Direção certa, caminho longo
"Essa situação não é compatível com o atual sistema de educação e de
ciência e tecnologia do Brasil, o que tem provocado um descompasso entre
a tênue geração de inovação das empresas brasileiras e a alta
competência técnico-científica das nossas universidades", diz o
trabalho, corroborando, de certa forma, o economista David Kupfer quando
diz, aplaudindo a Lei do Bem: "Não estamos na direção errada, mas ainda
temos muito que andar".
O economista Antonio Barros de Castro, também professor da UFRJ,
ex-presidente do BNDES, reconhece que entre os estudiosos da temática da
indústria no Brasil "ninguém se entusiasmou" com o resultado da Pintec.

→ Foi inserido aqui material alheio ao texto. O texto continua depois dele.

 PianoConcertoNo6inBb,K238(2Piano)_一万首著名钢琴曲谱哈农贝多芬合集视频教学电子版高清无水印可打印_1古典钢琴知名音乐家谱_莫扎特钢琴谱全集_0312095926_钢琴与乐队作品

Segundo ele, o mais impressionante é que na 4ª Conferência Nacional de
Ciência e Tecnologia, realizada em maio deste ano, "ficou evidente que o
Brasil vem acumulando forças para um possível desejado ingresso na
economia do conhecimento".
Entre os sinais desses esforços, ele enumerou o aumento da verba do MCT
"de US$ 600 milhões para US$ 2 bilhões em uma década" e a multiplicação
de órgãos, tanto na esfera federal como na estadual e na municipal,
voltados para o incentivo à busca da inovação.
"Sessenta por cento dos gastos com inovação na América Latina vêm do
Brasil", resume Castro, que acrescenta: "Os resultados, porém, são
bastante modestos". Ele acha que o furacão China inibe o apetite
inovador do empresário e sugere, como vem fazendo há muito tempo, que o
Brasil busque adensar as cadeias produtivas em áreas nas quais pode ser
líder, como o petróleo em águas profundas e o etanol.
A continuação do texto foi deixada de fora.